Duluth’s Parsons Alley Wins Urban Design Award – Parsons Alley, a public-private redevelopment project in downtown Duluth, Ga., has won a 2017 Charter Award from the Congress for the New Urbanism (CNU). Regarded as the preeminent awards for excellence in urban design, the annual CNU awards honor outstanding achievements in architectural, landscape and urban design and planning worldwide. According to the CNU, winning projects represent major contributions to designing and building more equitable, sustainable, connected, healthy and prosperous communities. The winning team for Parsons Alley included:
- Bellfounder Consulting
- City of Duluth
- Fabric Developers
- Frederik Brauer
- Kronberg Wall Architects/Planners
- TSW Planning/Architecture/Landscape Architecture
- Vantage Realty Partners
Parsons Alley is a downtown Duluth arts and entertainment district featuring a variety of retail, entertainment and indoor and outdoor dining in new and repurposed historic buildings including a 1904 bank and a circa-1940 church and parsonage.

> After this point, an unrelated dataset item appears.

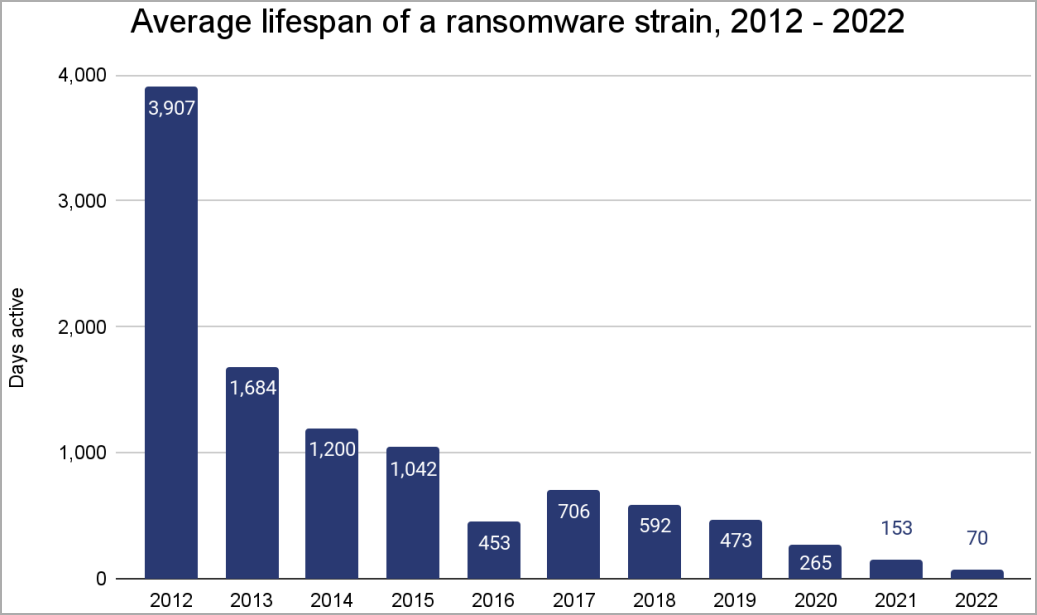 Ransomware profits drop 40% in 2022 as victims refuse to pay 3 Lifespan of ransomware families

The area fulfills a vision by city leaders, who retained TSW to develop a Downtown Master Plan, and later to provide landscape architecture services. Parsons Alley was a key recommendation of the Master Plan. TSW developed conceptual design to construction documentation for the site, which also includes a large plaza to serve the downtown area and adjacent restaurants with seating, a bocce ball court, performance stage, public art, outdoor signage, outdoor lighting and redesigned surface parking.
“Parsons Alley is an exemplary project that integrates buildings and spaces in a way that draws people into the project. TSW is proud to be honored by CNU along with the City of Duluth and its many partners who have worked together to help make Downtown Duluth a special place to be,” said Adam Williamson, senior principal of TSW.
“In Duluth, we recognize the aspect of urbanism that reflects local culture and encourages social interaction,” said Mayor Nancy Harris. “Places that are culturally and regionally authentic almost always appeal to the local population and visitor alike.”